Страница 12 из 16
– Уйди с дороги! – взгляд царицы был полон презрения. – А то сброшу вниз, не посмотрю на корону!
– О! – Феанор развёл руки. – Жуть, как страшно! Иди-иди, бешеная, суши задницу! – и посторонился, пропуская её.
Ария поднялась в опочивальню, кликнула девок, велела наполнить горячей водой ванную. И лежала долго, отогреваясь, успокаиваясь в аромате сушёных лепестков роз и фиалок. На мраморный край ванны положила свой меч – пусть только подойдёт Феанор! Будто забот других у царя не было, как за ней в купальне подглядывать!
А вытираясь, опять ощутила боль и зуд – симметрично, с обеих сторон на спине, ближе к бокам, под рёбрами. Нешто застудилась? Должно, на корабле ещё, когда плыли к острову, да ледяной волной окатило, добавило.

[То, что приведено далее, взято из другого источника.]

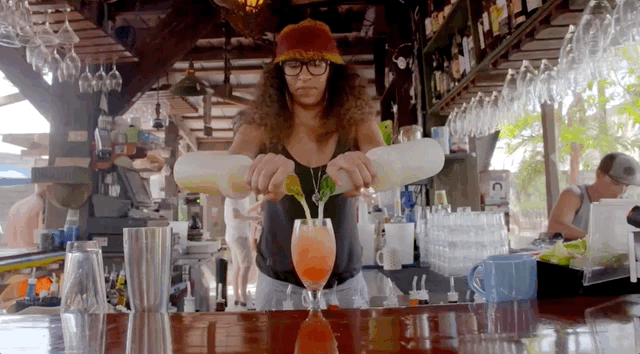 bartending happy hour in Key West, Florida bartending happy hour in Key West, Florida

Девки принесли обед, горячий грог, Ария поела, попила, окончательно согрелась, забралась на постель и крепко уснула и проспала весь остаток дня и полночи.
Проснулась от приступа острой колющей боли под рёбрами, со стоном приподнялась, коснулась там, где болело. Горячо стало под ладонью, будто жгло изнутри. Отлежала, должно быть.
Она встала, прошлёпала к окну, откинула тяжёлую портьеру. Луна светила на небе, почти круглая, дня или двух до полнолуния недоставало. Будто живое жёлтое око смотрело сейчас на молодую царицу. Должно, так же матушка её, Лея, заточенная в высокую башню, с надеждой и трепетом глядела на эту большую небесную золотую монету.
Ария глубоко вздохнула и почувствовала, что боль под рёбрами ушла, отхлынула, не мешала больше.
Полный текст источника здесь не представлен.